DLTA - Rencana stock split
PT Delta Djakarta (DLTA) berencana memecah nilai nominal saham (stock split) dengan rasio 1:50. Untuk itu, DLTA akan meminta izin pemegang saham melalui RUPS pada tanggal 11 Juni 2015. Stock split tersebut untuk memenuhi salah satu pokok dalam peraturan Bursa Efek Indonesia (BEI) terkait ketentuan mengenai jumlah saham yang beredar di publik (free float).
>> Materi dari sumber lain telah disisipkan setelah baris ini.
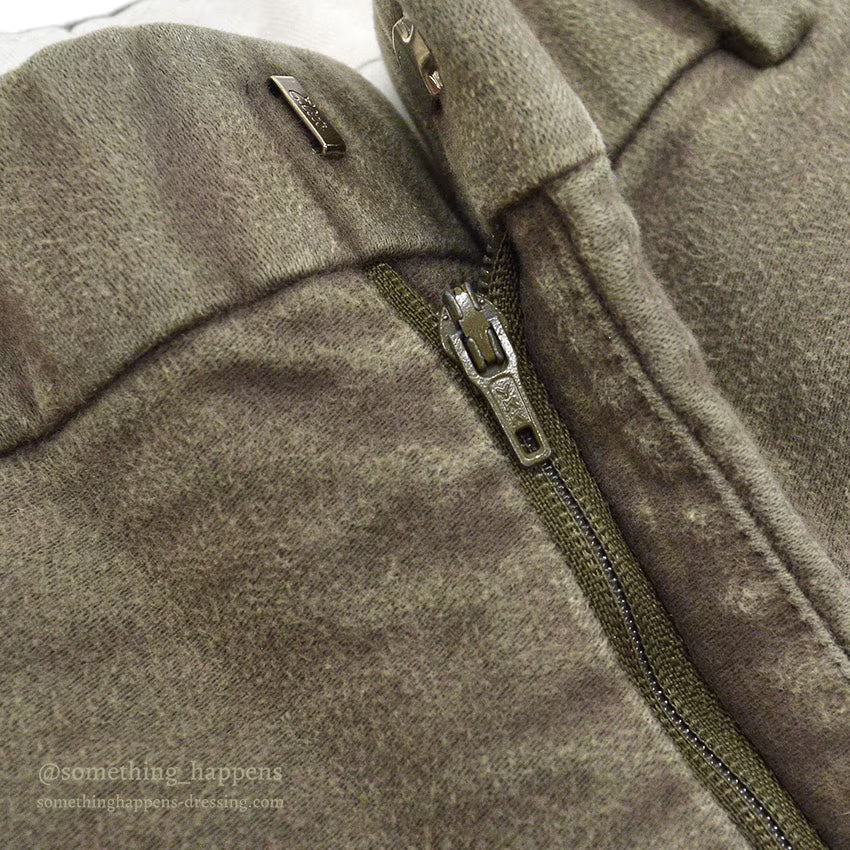 1980's ORVIS MOLESKIN WORK PANTS...W34/L29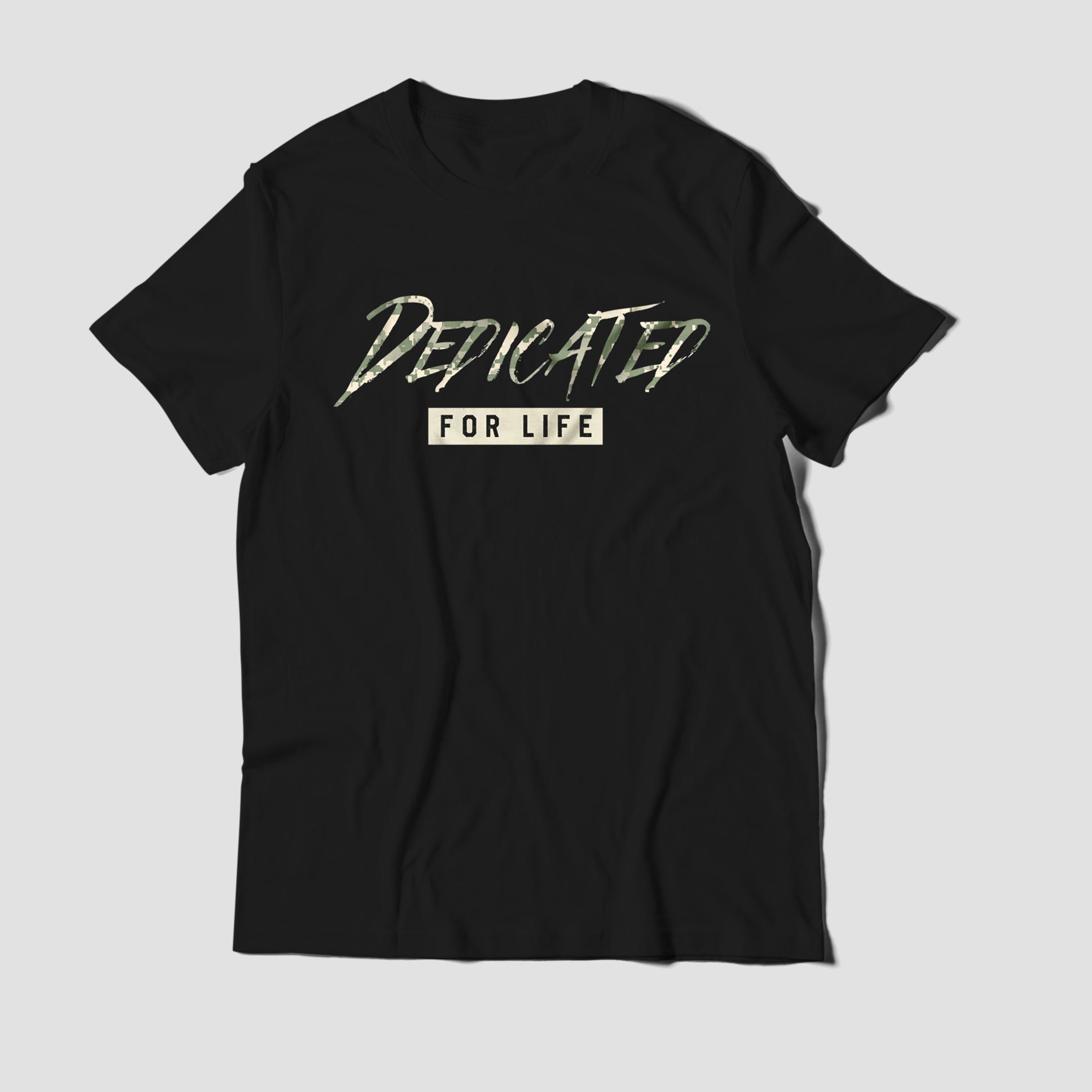  Revival Tee - Black (Camo) 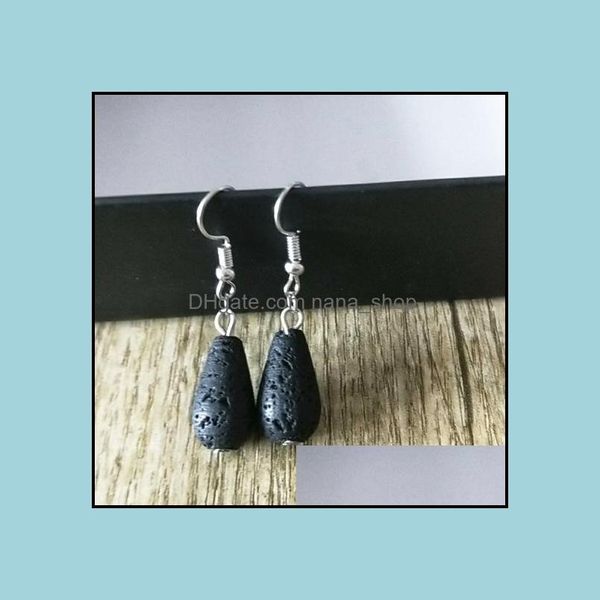 dangle chandelier earrings jewelry water drop black lava stone necklace diy aromatherapy essential oil diffuser eari dgp, Silver
dangle chandelier earrings jewelry water drop black lava stone necklace diy aromatherapy essential oil diffuser eari dgp, Silver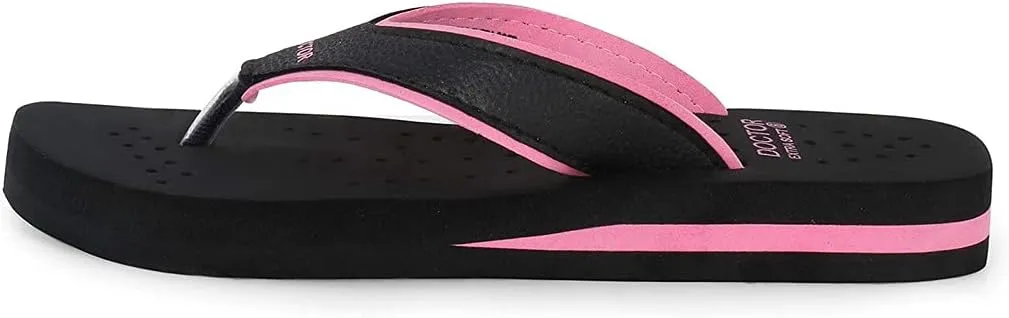 Care Diabetic Orthopedic Pregnancy Flat Super Comfort Dr Flipflops and House Slippers For Women's and Girl's D-18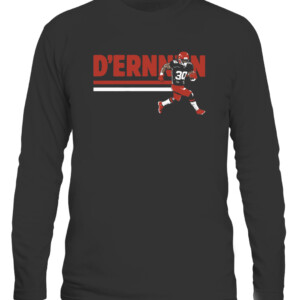 D'ERNNNN SHIRT D'ERNEST JOHNSON Cleveland Browns CALS black front.jpg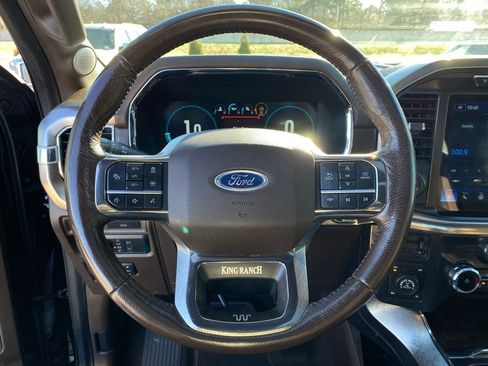 Used 2022 Ford F150 King Ranch w/ Equipment Group 601A High AWD/4WD image 13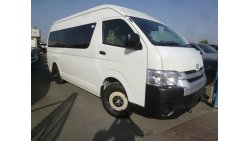 Toyota Hiace BRAND NEW RIGHT HAND DRIVE 2.5 Diesel Manuel 15 Seater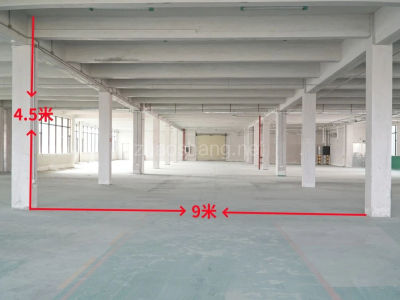 顺德大良五沙工业区高性价比3000平厂房招租
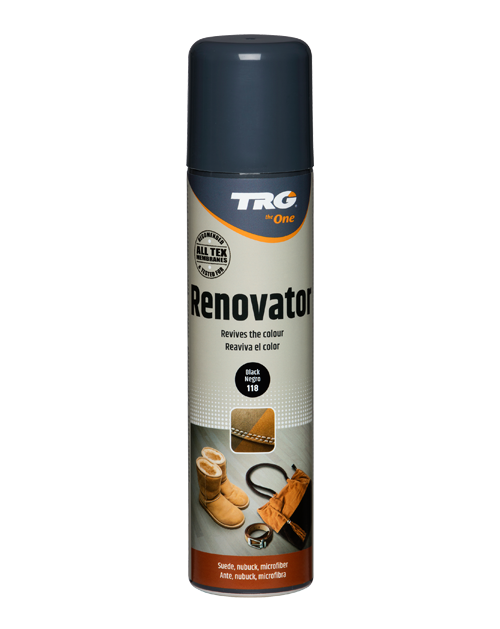 TRG SUEDE RENOVATOR  M/Farge 250ML.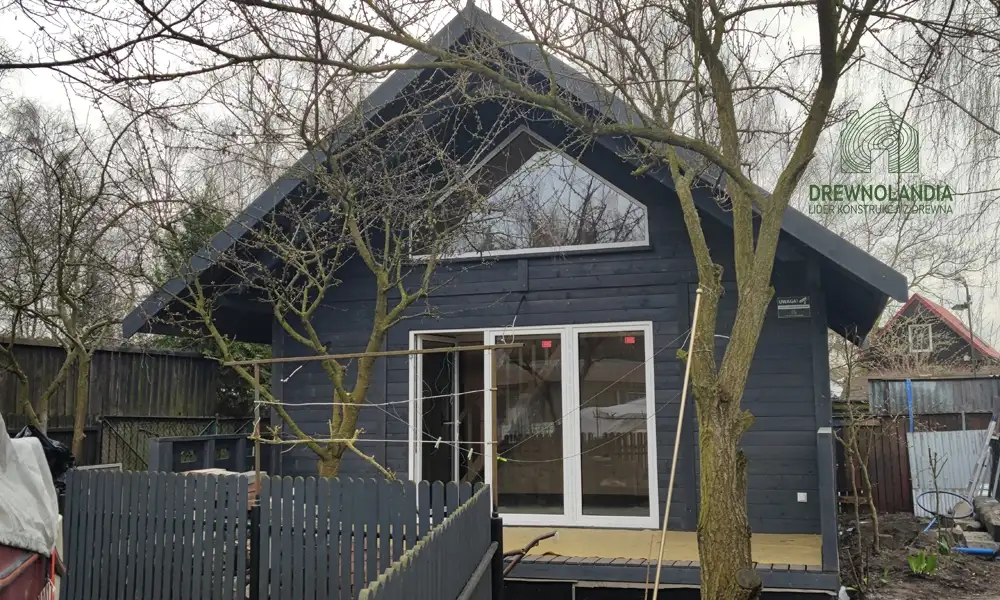 Domek rekreacyjny całoroczny CRA6 - 35 m²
Tujuannya untuk meningkatkan likuiditas.
GJTL - Rencana buyback saham
PT Gajah Tunggal (GJTL) berencana melakukan pembelian kembali atas maksimum 348.23 juta lembar saham (9.99% saham) yang akan dilakukan secara bertahap dalam kurun waktu 18 bulan setelah mendapat persetujuan RUPSLB pada 29 Juni 2015. GJTL mengalokasikan dana buyback sebesar Rp 425 Miliar. Saham yang dibeli kembali akan disimpan sebagai treasury stock dan akan dijual dalam waktu maksimal 3 tahun.
WTON - Kontrak pengadaan precast
PT Wijaya Karya Beton (WTON) menargetkan kontrak dari pengadaan beton pracetak (precast) untuk proyek jalan tol lintas Sumatera sebesar Rp 30 Triliun. Total nilai nilai proyek jalan tol sepanjang 2.700 Km yang membentang dari Aceh ke Lampung akan menelan biaya investasi senilai Rp 360 Triliun. Selain proyek jalan tol, perseroan juga mengincar proyek-proyek infrastruktur pemerintah lainnya, seperti jalan non-tol dan pelabuhan.